Did you know you can direct robots to crawl certain pages on your website or to avoid certain pages altogether? It’s true.You can talk to the search engine robots directly from a document called robots.txt. This can drastically help you with your search engine optimization efforts.
It’s easy to create a robots.txt document. You can do it any text editor such as Notepad or Apple TextEdit. Generally, one robots.txt file can be used for your entire site, however, if you have secure pages on your website then you’ll have to have a separate one for those areas. Upload the file to the root directory on your server and from there it will control your own site.
So what should go into your robots.txt file? Any instructions to search engine spiders that tell them which pages you don’t want crawled or, in some cases, which pages you do. You can make your instructions for all robots or for specific search engine spiders.

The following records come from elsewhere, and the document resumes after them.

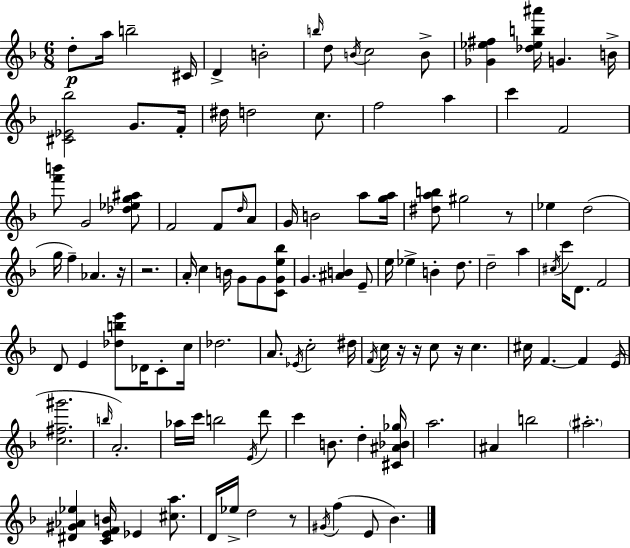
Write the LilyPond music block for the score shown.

{
  \clef treble
  \numericTimeSignature
  \time 6/8
  \key f \major
  d''8-.\p a''16 b''2-- cis'16 | d'4-> b'2-. | \grace { b''16 } d''8 \acciaccatura { b'16 } c''2 | b'8-> <ges' ees'' fis''>4 <des'' ees'' b'' ais'''>16 g'4. | \break b'16-> <cis' ees' bes''>2 g'8. | f'16-. dis''16 d''2 c''8. | f''2 a''4 | c'''4 f'2 | \break <f''' b'''>8 g'2 | <des'' ees'' g'' ais''>8 f'2 f'8 | \grace { d''16 } a'8 g'16 b'2 | a''8 <g'' a''>16 <dis'' a'' b''>8 gis''2 | \break r8 ees''4 d''2( | g''16 f''4--) aes'4. | r16 r2. | a'16-. c''4 b'16 g'8 g'8 | \break <c' g' e'' bes''>8 g'4. <ais' b'>4 | e'8-- e''16 ees''4-> b'4-. | d''8. d''2-- a''4 | \acciaccatura { cis''16 } c'''16 d'8. f'2 | \break d'8 e'4 <des'' b'' e'''>8 | des'16 c'8-. c''16 des''2. | a'8. \acciaccatura { ees'16 } c''2-. | dis''16 \acciaccatura { f'16 } c''16 r16 r16 c''8 r16 | \break c''4. cis''16 f'4.~~ | f'4 e'16( <c'' fis'' gis'''>2. | \grace { b''16 } a'2.-.) | aes''16 c'''16 b''2 | \break \acciaccatura { e'16 } d'''8 c'''4 | b'8. d''4-. <cis' ais' bes' ges''>16 a''2. | ais'4 | b''2 \parenthesize ais''2.-. | \break <dis' gis' aes' ees''>4 | <c' e' f' b'>16 ees'4 <cis'' a''>8. d'16 ees''16-> d''2 | r8 \acciaccatura { gis'16 }( f''4 | e'8 bes'4.) \bar "|."
}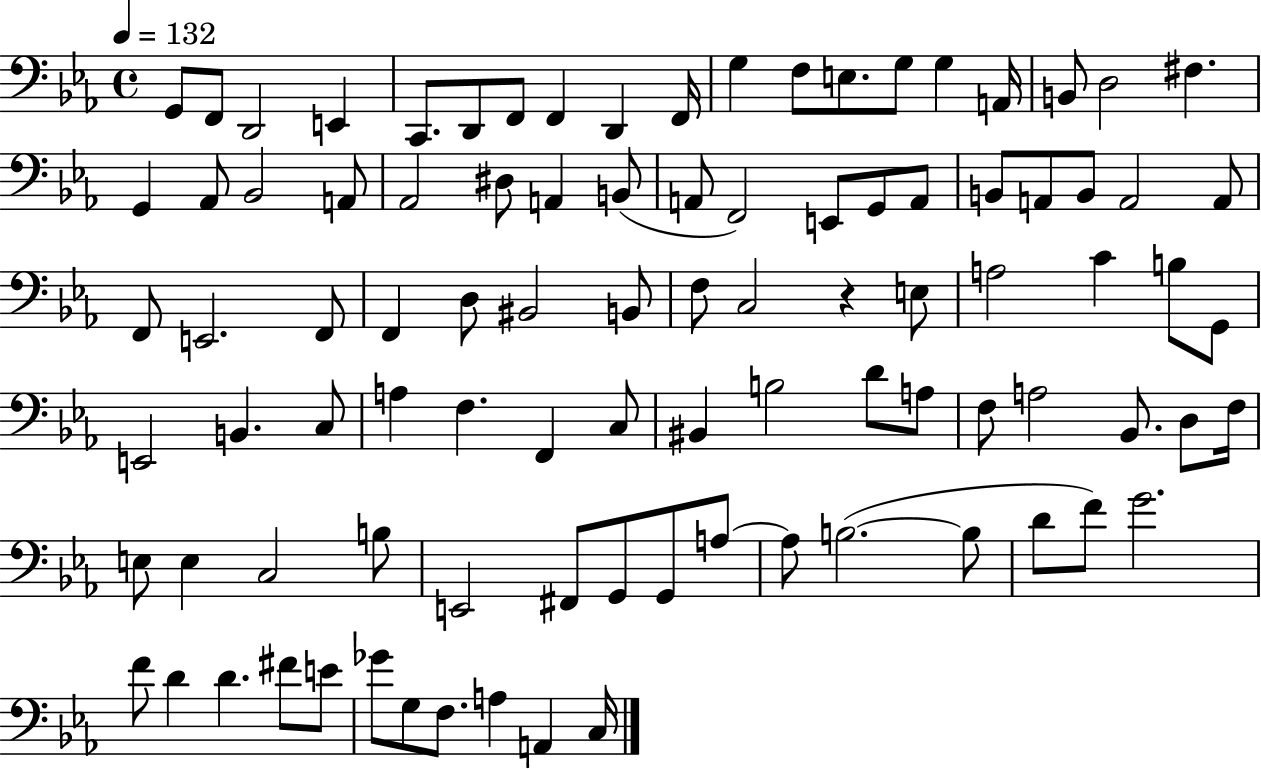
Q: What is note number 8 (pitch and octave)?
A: F2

Let’s say you want to stop the spiders from crawling a particular section of your website. For example, the section on Widgets. If you want to stop all search engines from accessing this page and indexing it then you would just use this phrase in your robots.txt file:
User-agent: * Disallow: /widgets/
Every page within that section would not be crawled by the spiders from that point forward. If you just want to keep Google from crawling those pages then you’d use the following phrase:
User-agent: Googlebot Disallow: /widgets/
The code for other search engines are:
- Yahoo = Slurp
- Microsoft = msnbot
- Ask = Teoma
There is a lot more to learn about robot.txt files, but this should serve as a basic primer.